Im nächsten Schritt könnten auch Zugbegleiter, Lokführer, Verschieber oder Buslenker aus Drittstaaten wie Tunesien, Kolumbien, den Philippinen oder Indien geholt werden, um nur ein paar gängige Herkunftsländer für ausländische Fachkräfte zu nennen. „Wir bereiten eine EU-weite Ausschreibung vor, die sich an heimische, aber auch internationale Personaldienstleister richtet, die Personal aus Österreich, der EU, aber auch aus unterschiedlichen Drittstaaten bereitstellen können“, heißt es aus der ÖBB-Kommunikation.

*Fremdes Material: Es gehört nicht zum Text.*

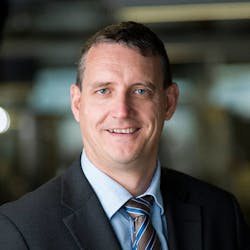 Ruesseler Andreas I480 Ruesseler Andreas I480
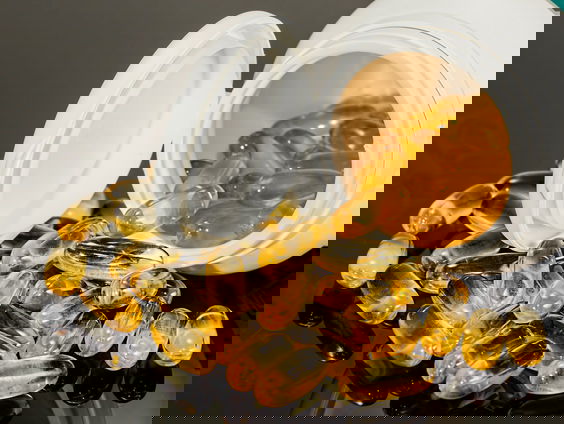 Anti-pollution pillen van de HEMA: kwakzalverij of niet?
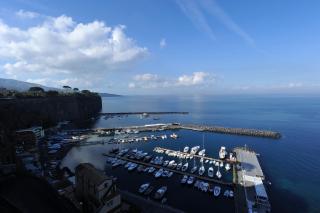 Mavi Apartments - Piano di Sorrento - 5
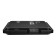 Western Digital WD_BLACK P10 5TB Portable External Game Drive - Black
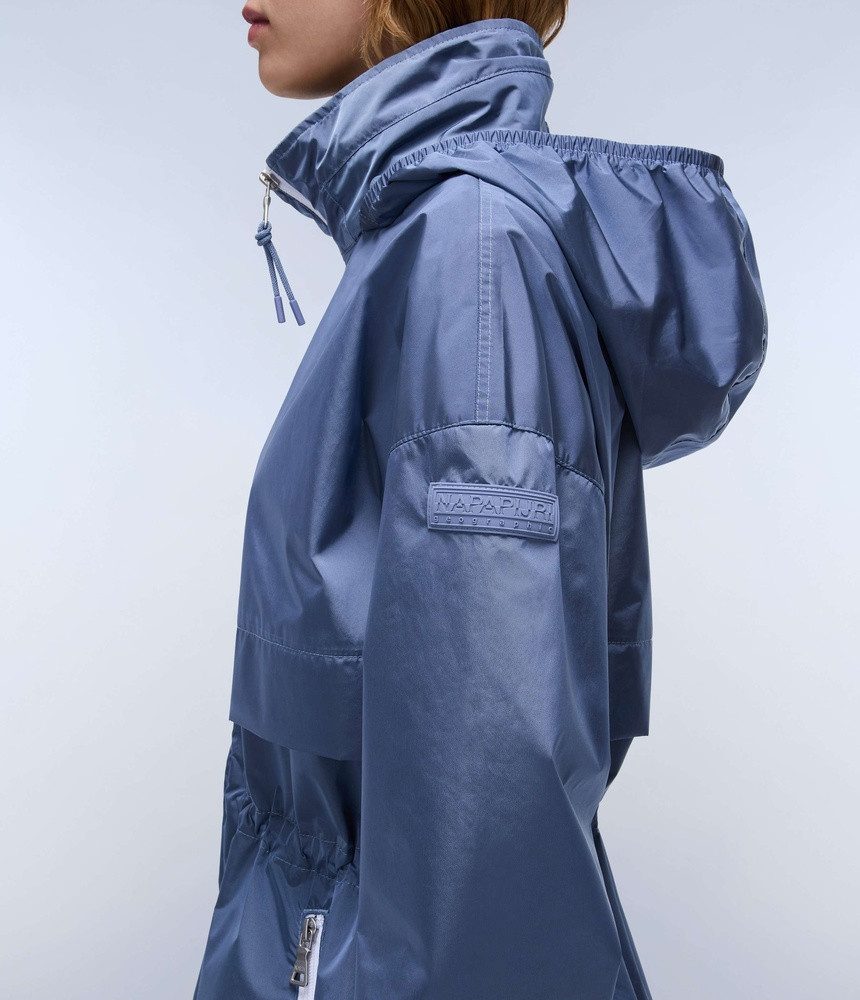 Napapijri Kurzjacke A-Era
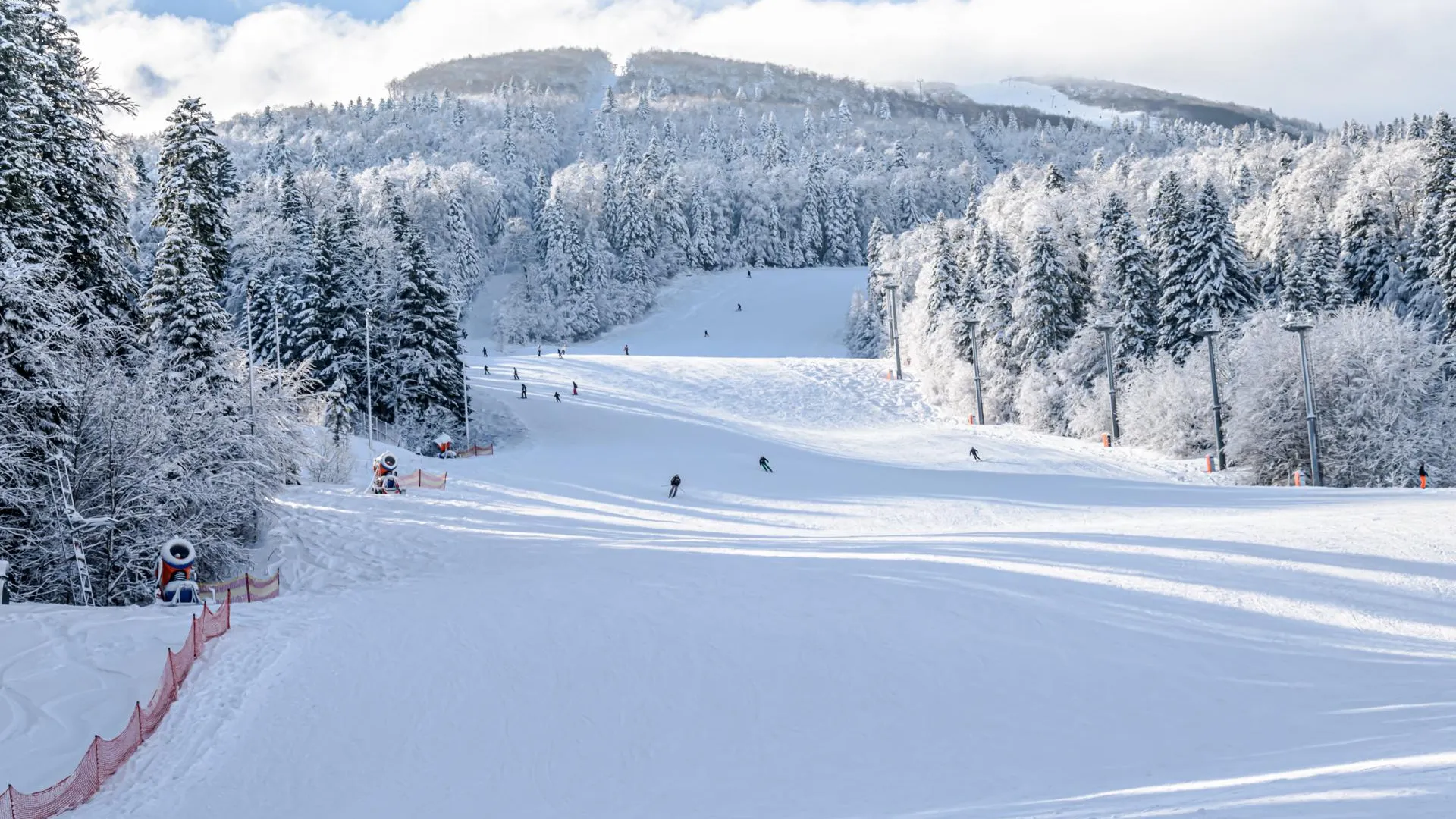 Изображение от wirestock на Freepik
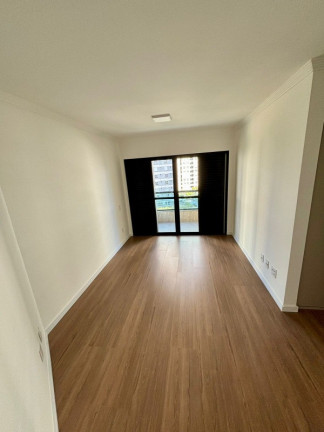 Imagem Imóvel com 3 Quartos à Venda, 128 m² em Santo Amaro - São Paulo Imagem Imóvel com 3 Quartos à Venda, 128 m² em Santo Amaro - São Paulo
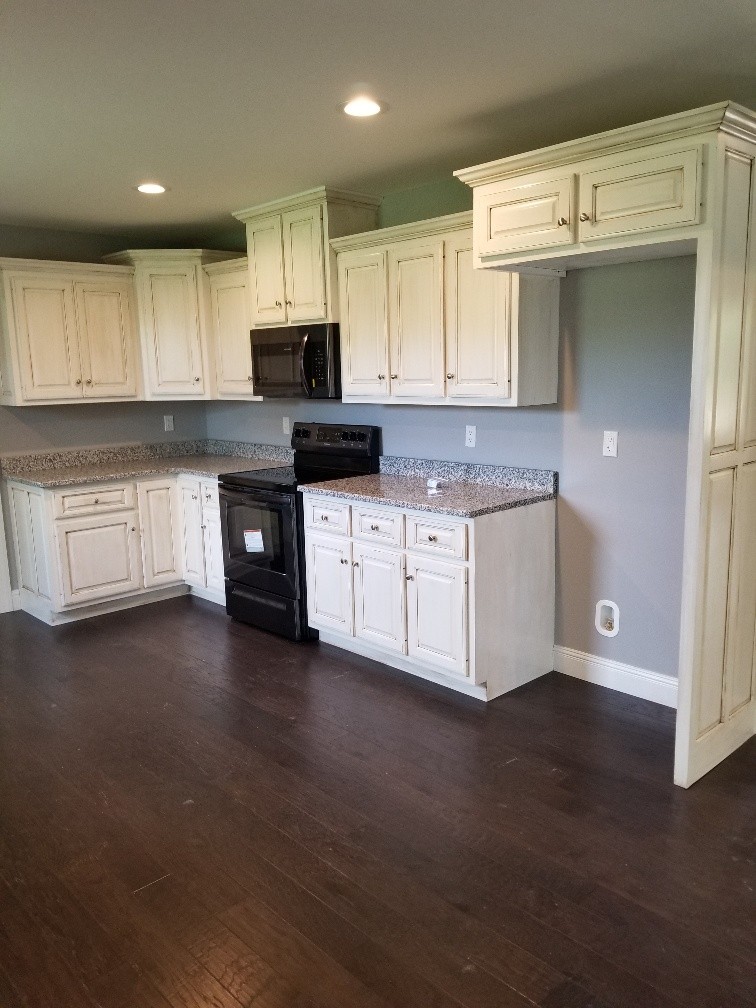 552 Jack Porter Road Lafayette, TN 37083 - Photo 15 of 26 Gallery Image 15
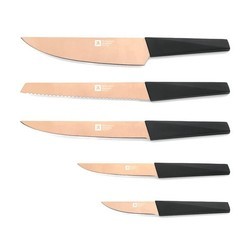 Набор ножей Amefa Edge R31090K500K20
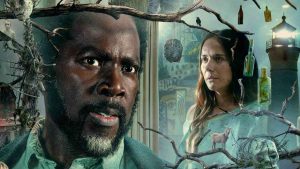 3. Sezon Yayın Tarihi ve Bilmeniz Gerekenler [2026 Güncellemesi] - Kapak Görseli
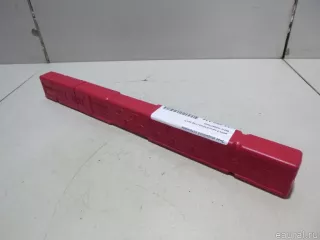 71606770487 BMW Знак аварийной остановки BMW 1 E81/E82/E87/E88 Арт E14990136, вид 6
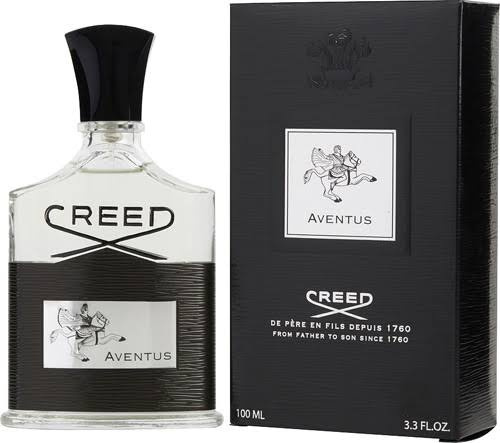 creed cologne wish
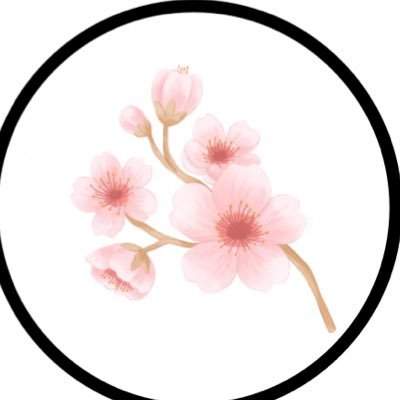 dYBd6XL3SfgoPIj's profile picture. webデザイナーを目指すためにいろいろ投稿していきます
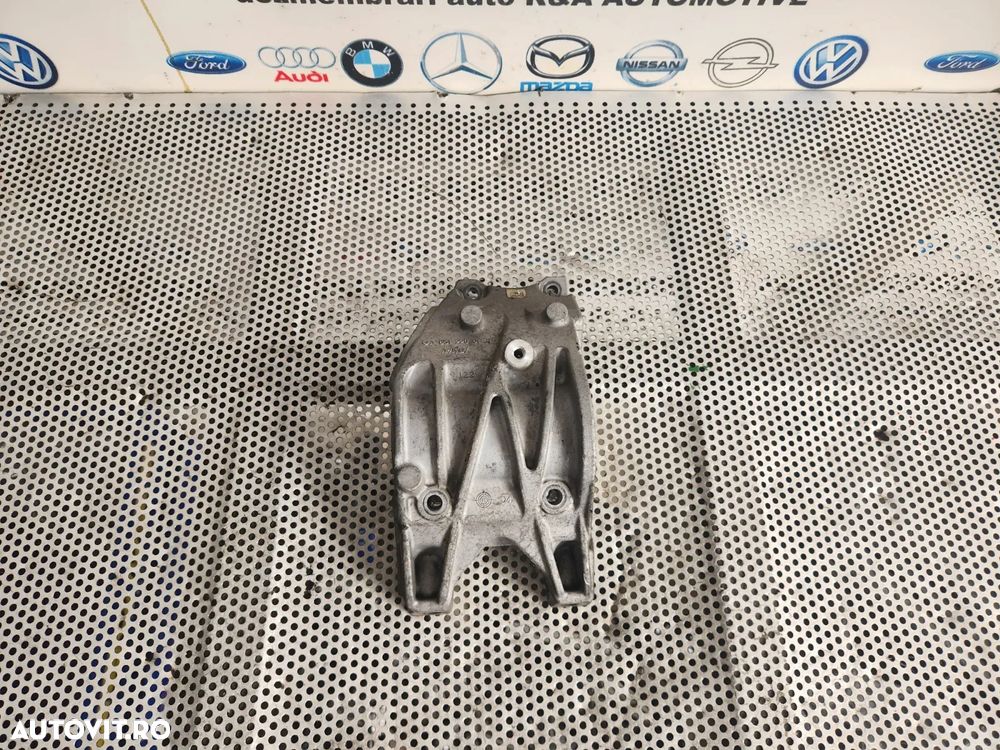 Suport Planetara Intermediara Mercedes A/B Class W176 W246 Gla X156 W156 Cla W117 Cod A - Dezmembra - 4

Das richte sich besonders an „eisenbahnspezifische Berufe sowie Buslenker“. Alles Tätigkeiten auf der Mangelberufsliste, die per Rot-Weiß-Rot-Karte besetzt werden können.
Lehrlinge aus aller Welt
Die ÖBB zeigen sich auch offen dafür, Lehrlinge über 18 aus Drittstaaten aufzunehmen. Diese Möglichkeit will Arbeitsminister Martin Kocher (ÖVP) der heimischen Wirtschaft durch eine weitere Lockerung der Rot-Weiß-Rot-Karte ermöglichen. „Insgesamt gelingt es uns sehr gut, Personal zu finden und die 650 Lehrstellen, die wir jedes Jahr anbieten, zu besetzen“, betonen die ÖBB. Zusatz: „Auch mit vielen Menschen, die in den letzten Jahren zugewandert sind, etwa Syrer oder Afghanen.“ In einzelnen Regionen könnten dennoch Stellen frei bleiben, die sich mit neuen Fachkräften aus Drittstaaten besetzen ließen. Denn kaum ein Unternehmen in Österreich spürt den Arbeitskräftemangel stärker als die ÖBB. Zwischen 2016 und 2029 geht die Hälfte der Belegschaft in Pension. Entsprechend verstärken wird sich der Personalbedarf aus dem Ausland.
ÖBB-Gewerkschaft bremst
Die Gewerkschaft hat intern Kritik an der Verstärkung aus Tunesien angemeldet. „Die Rot-Weiß-Rot-Karte war für hoch qualifizierte Bereiche gedacht, wo es in Österreich keine adäquate Ausbildung gibt, etwa spezialisierte Wissenschafter oder IT-Experten“, sagt Roman Hebenstreit, Chef der Verkehrs- und Dienstleistungsgewerkschaft vida. „Die Ausbildung bei Bahnunternehmen bis hin zum Busführerschein kann im Inland erfolgen. Dafür braucht es keine internationale Anwerbung.“
Gegen die gezielte Personalsuche im Ausland, auch mithilfe von Vermittlungsagenturen, ist Hebenstreit nicht per se. Sie solle aber auf Österreich und Europa beschränkt sein. „Hier gibt es viele Arbeitsuchende, die sich eine Chance verdient haben.“
Die kommen aber offenbar nicht ausreichend bei den Arbeitgebern an. Auch beim Lkw-Hersteller MAN haben die ersten drei von zehn KfZ-Mechanikern aus Tunesien ihren Dienst unlängst begonnen.